Now comes word that Canadian police in Quebec this week have cracked down on what they are calling a major Hells Angels contraband tobacco and drug trafficking ring inside the Kahnawake Mohawk reserve near Montreal. About 60 police officers raided the bunker-like compound of Rice Mohawk Industries in an investigation code-named “Project Machine” and rounded up 46 people. Among those arrested were owner Peter Rice and his two sons Burton Rice and Peter Francis Rice. Also arrested was Salvatore Cazzetta, the reputed leader of the Montreal chapter of the Hells Angels.

Police say the Hells Angels used the Rice compound as a base for trafficking in contraband tobacco and crack cocaine. The men are charged with participating in a criminal organization that defrauded the Quebec and Canadian governments of millions of dollars in tobacco taxes. Cazzetta is also charged with drug trafficking.

In “Canada’s Boom in Smuggled Cigarettes,” ICIJ took readers inside a billion-dollar black market and revealed the close ties between Indian tobacco sellers and organized crime.

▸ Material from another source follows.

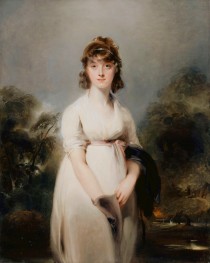 Portrait of Miss Sweeting, 1800 by Thomas Lawrence | Canvas Print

As many as three out of every ten Canadian cigarettes are now sold on the black market, and seizures of contraband tobacco grew a striking 16-fold in Canada between 2001 and 2006. This latest raid is only one of a series of arrests carried out over the last few months involving Indian tobacco merchants and mobsters.

One Rice company is directly linked to the Hells Angels’ Cazzetta, a longtime outlaw biker with a history of drug trafficking convictions. Canadian federal corporation records show that Peter Rice is part owner with Cazzetta of Mustang Distribution Ltd., which manufactures an energy drink called Cintron. Cintron shares its Montreal offices with a company that produces a glossy teen magazine called Naked Eye. Its owner is Burton Rice.

Burton Rice also owns a tobacco manufacturing company called Fine Day Industries, according to federal corporation records.

Police found 11 safes in the high-security Rice compound. By noon Wednesday they had opened three and found large cash amounts in each of them. Montreal police, the Royal Canadian Mounted Police, the Mohawk police as well as the Quebec’s provincial police, the Sûreté du Quebec, all participated in the raid.